The bathroom just might be the easiest space in the house to decorate: You choose some pretty towels and hang up a pretty shower curtain, and voila—you’re done. Right?
Well, not to make you paranoid, but the shower curtain is actually easier to screw up than you’d think.
“Too many frills, crazy, annoying patterns, or anything that needs special care is a problem when it comes to shower curtains,” says Drew Henry of Design Dudes.
Are you falling for the most common slip-ups? Let’s take a peek behind the curtain at these seven do’s and don’ts.
1. Picking plastic
A lot of folks will pick plastic in a pinch—it’s cheap and easy to clean, and you won’t feel bad about tossing it when you get tired of it. But the problem with cheap plastic curtains is that they look, well, cheap.

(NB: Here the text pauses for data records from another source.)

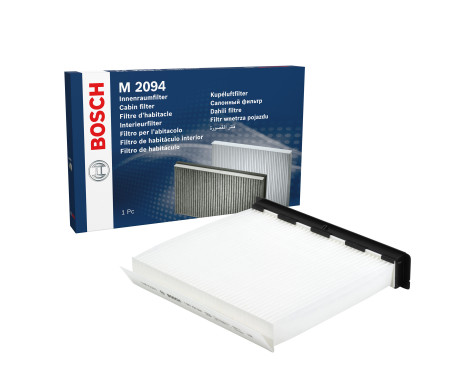 Filter, kupéventilation M2094 Bosch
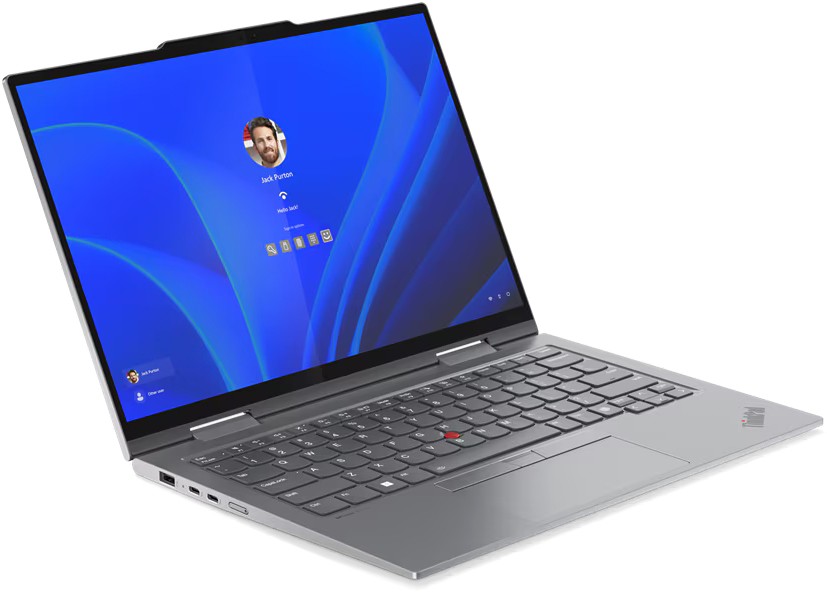 Купить Ноутбук Lenovo ThinkPad X1 2-in-1 Gen 9 Gray (21KE003LRA) - ITMag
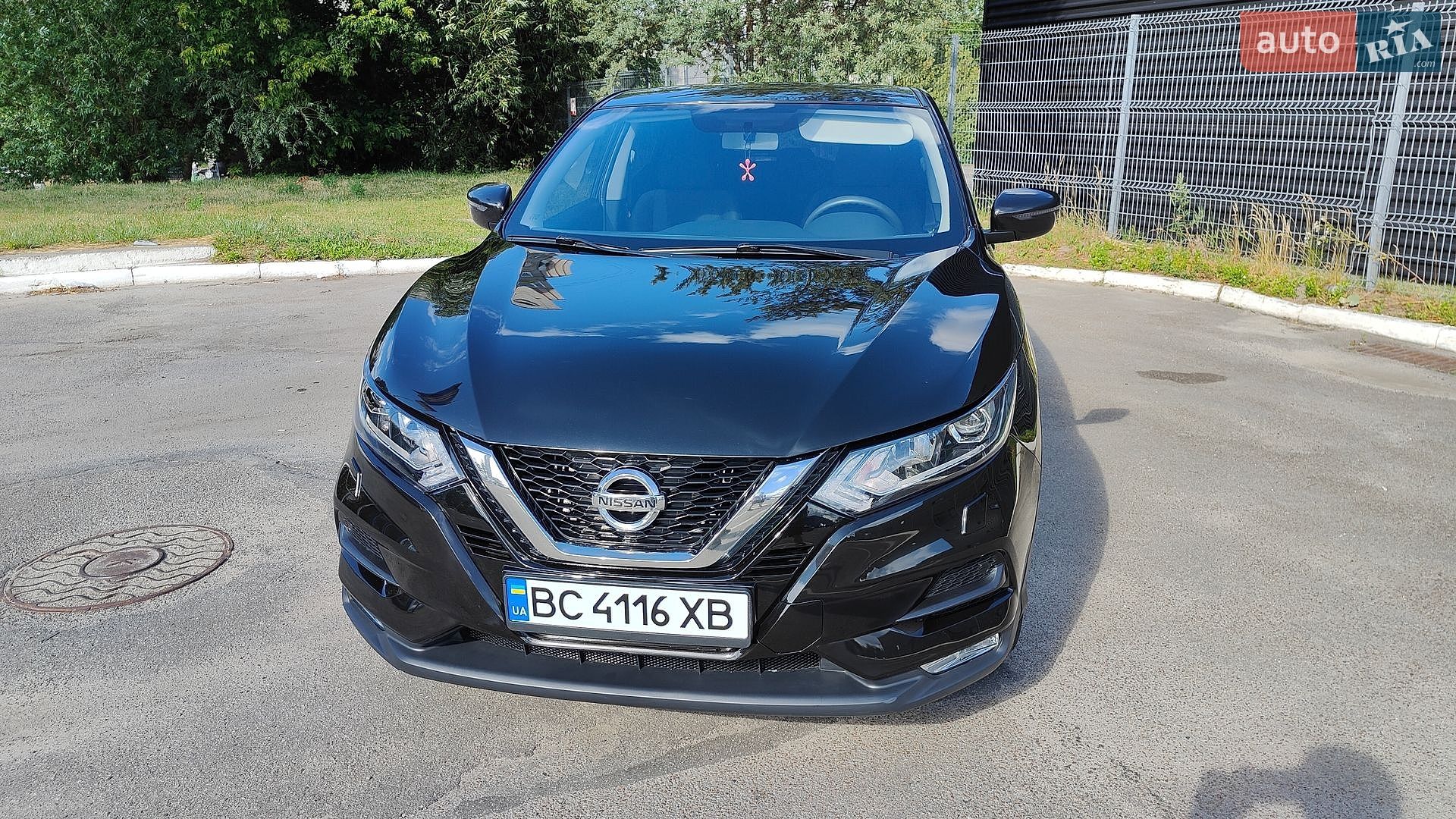 Nissan Qashqai 2020 VIN SJNFDAJ11U2890816 фото оголошення 4 з 30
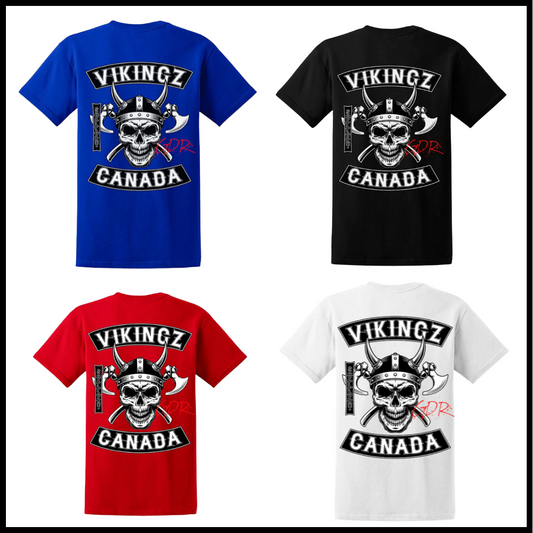 PACK T-SHIRT CANADA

Splurge for fabric here—and that goes for the liner, too. (A cheap plastic liner is fine if you change it regularly and keep it scrupulously clean. But you’ll need to replace it every six months—or sooner if necessary—because it tends to show water stains, soap scum, and mildew.)
“I recommend a fabric liner made of polyester, which is pretty water-resistant and also very spalike,” Henry says.

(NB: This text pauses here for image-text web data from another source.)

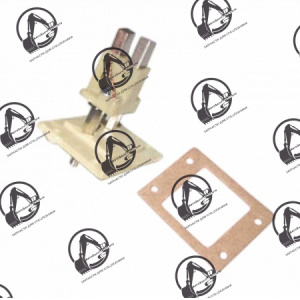 Держатель щетки CAT 1P-1145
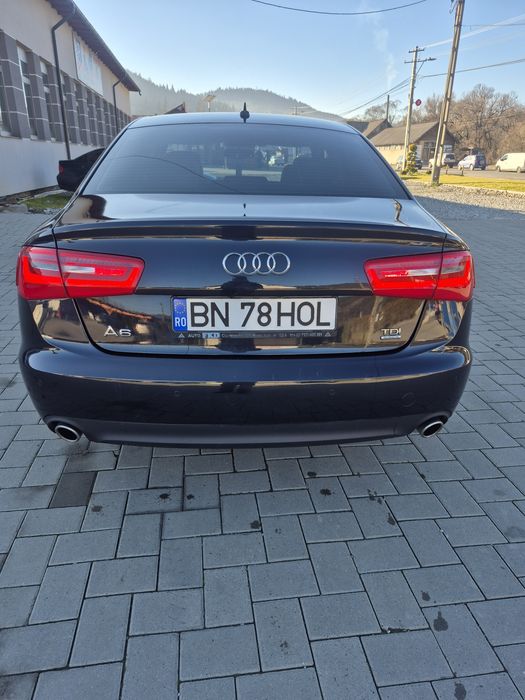 De vânzare Audi A6 C7 4x4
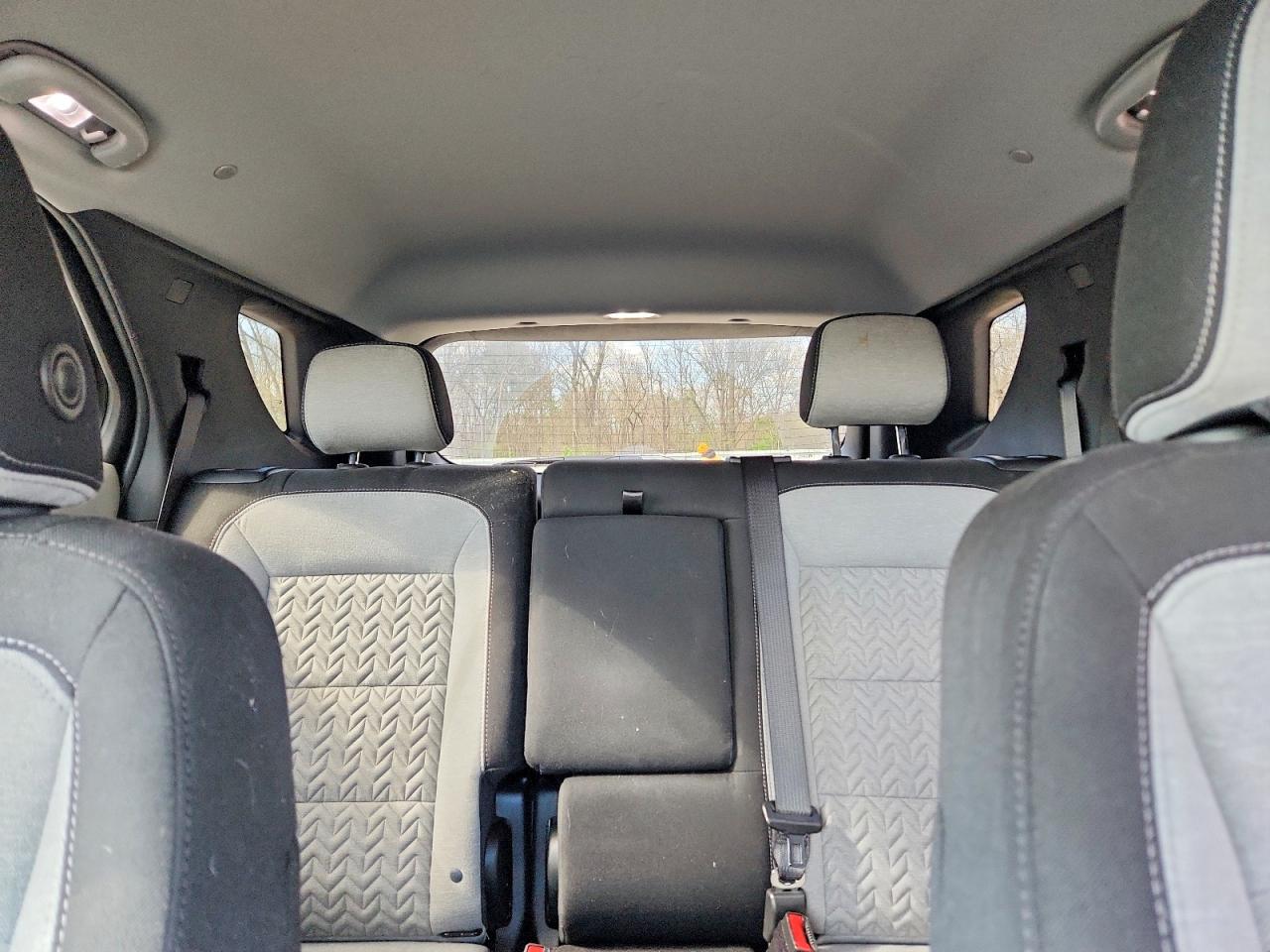 Chevrolet Equinox Ls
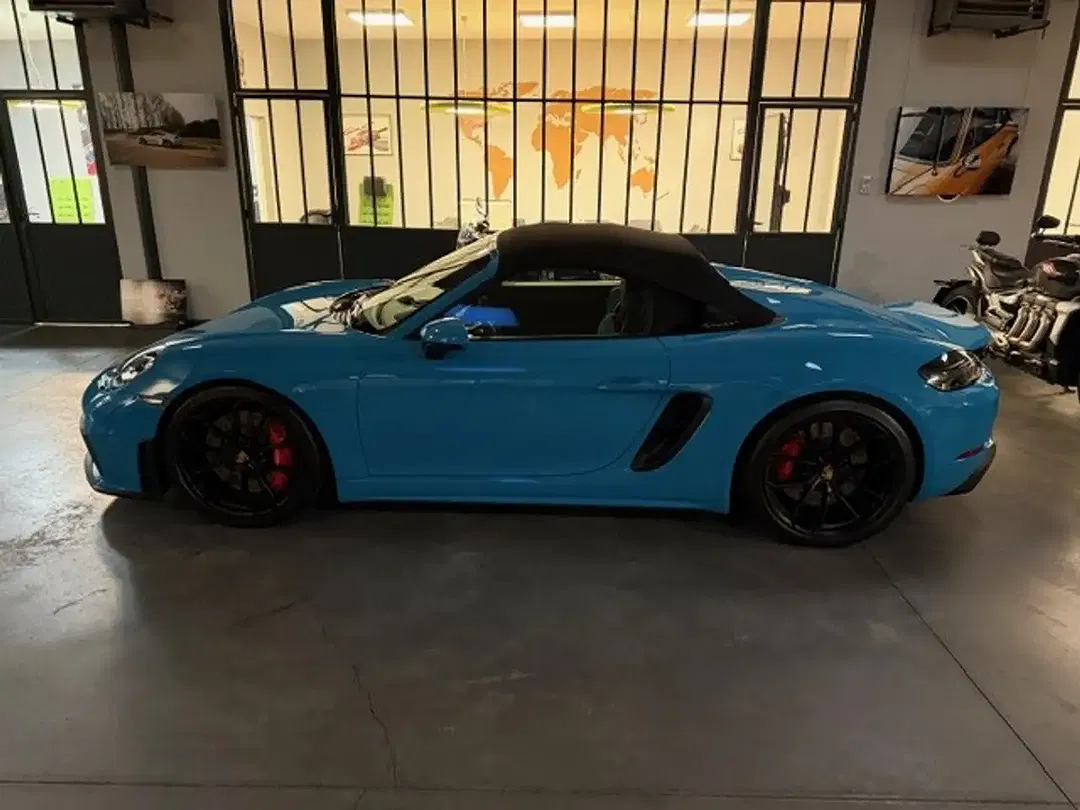 Porsche 718 Spyder 4.0 - Thumbnail 5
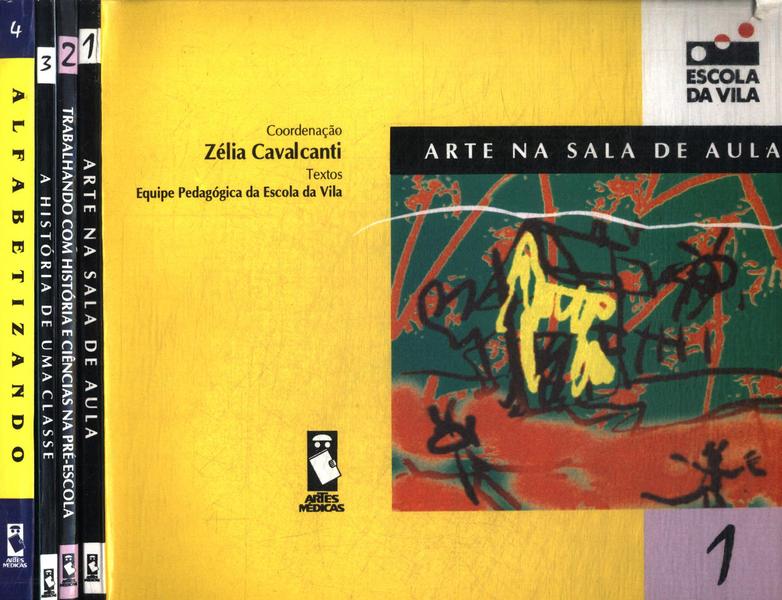 Escola Da Vila (4 Volumes)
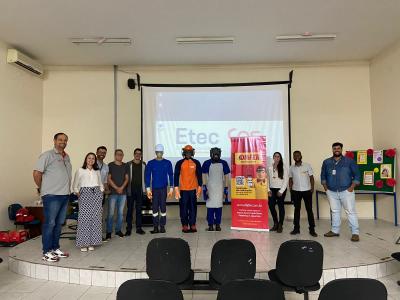 Semana Paulo Freire e SIPAT 2023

Or try a nylon, hotel-style liner, suggests Catherine Pulcine of CPI Interiors. Both are better than tacky plastic, and have more staying power.
2. Forgetting about texture
Photo by mango design co
No, we don’t mean you should add ruffles. But you should consider simple trim, ribbon, or embroidery so your plain curtain stands out. Henry’s master bath shower curtain is made from a cool-gray fabric with a white, ribbed center panel that brings texture and interest to the room.

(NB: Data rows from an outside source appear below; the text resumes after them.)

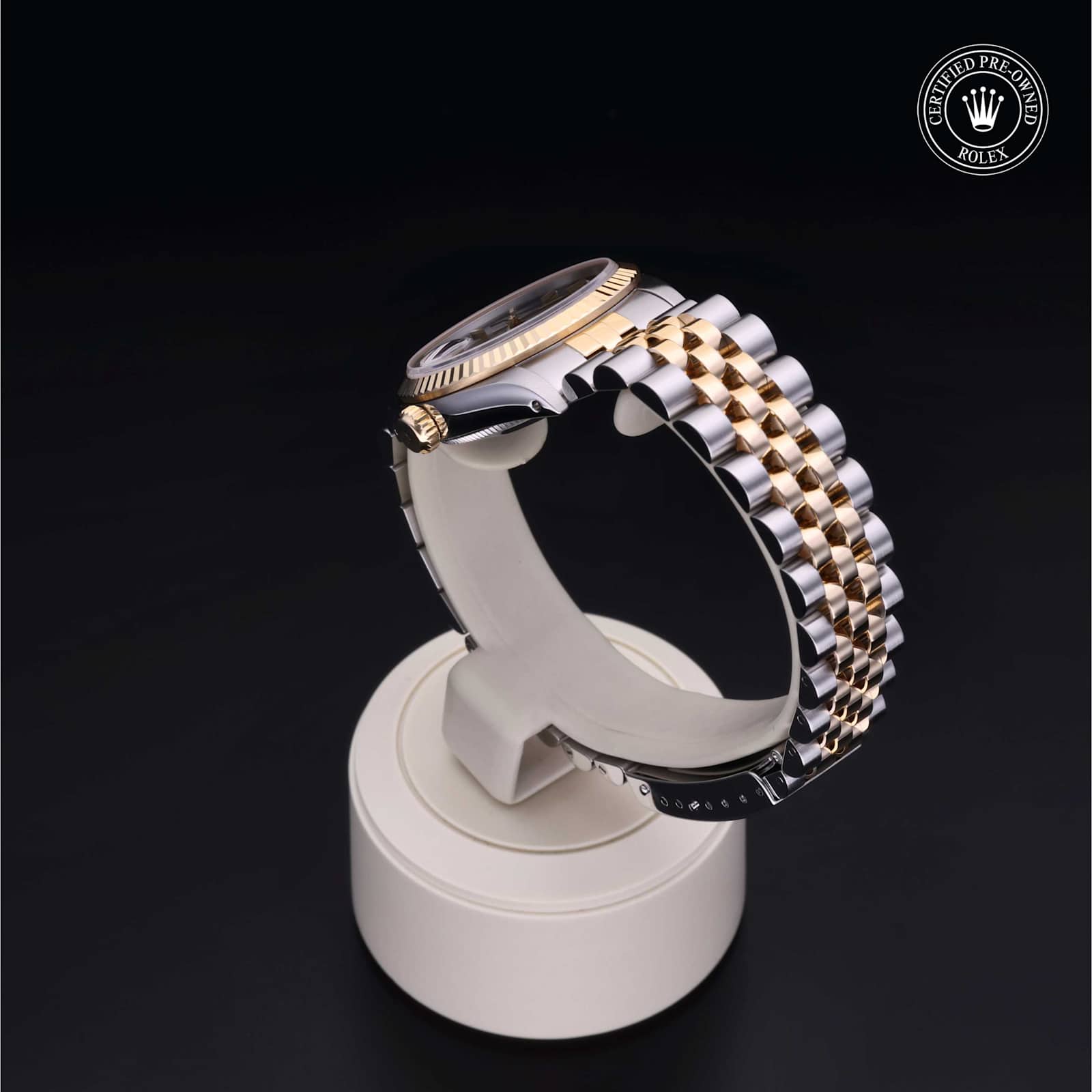 Rolex Datejust in Bicolour, 68273 - Bucherer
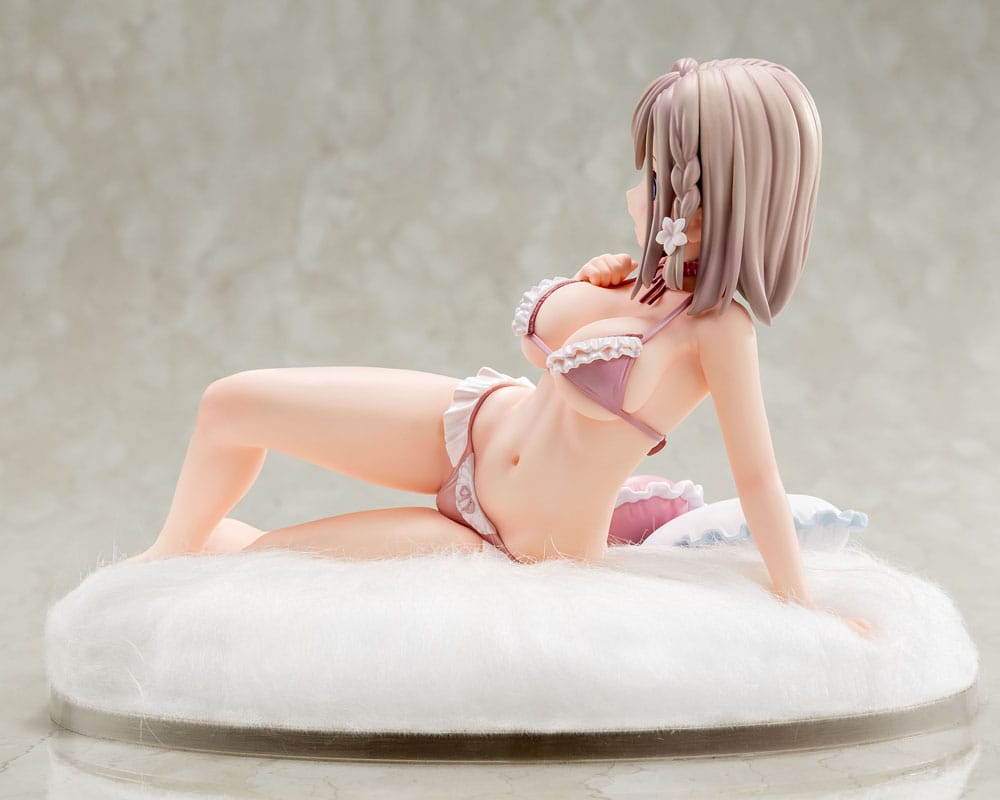 Original Character statuette PVC 1/6 Shimizu Yui illustration by karory (KAROMIX) 22 cm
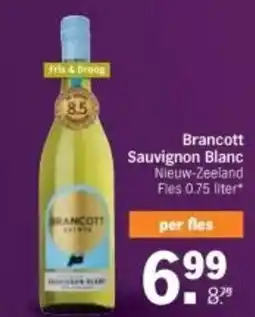 Albert Heijn Brancott Sauvignon Blanc aanbieding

“There’s also some light fringe on the bottom, which adds a bit of playful sophistication,” he notes.
But don’t go overboard or too high-end with your pick: “A custom shower curtain may not be machine-washable,” points out Lindsay MacRae of the eponymous design firm in New York City.
Stick with store-bought options, which are meant to be washed and dried along with other laundry.
“If you do have one made or you make it yourself, be sure the fabric is preshrunk,” MacRae warns.
3. Confusing cute with cheesy
The kids’ bath can definitely be childlike and colorful, but that doesn’t mean you cave entirely and hang up your little one’s favorite cartoon character (we’re looking at you, SpongeBob!). Keep this look fun, but don’t pick something cheesy, Henry suggests.
“Try an oversize graphic, an interesting pattern, or your child’s favorite colors instead,” he says.
4. Being afraid of plain white
Shower curtains give us a ripe opportunity to play with colors and patterns without committing to them for life. But before you go seeking out the perfect design, consider that the most on-trend look might just be the easiest: plain white.
It’ll give you a fresh look, especially in the master bath—and you’ll never risk making your space look cheap.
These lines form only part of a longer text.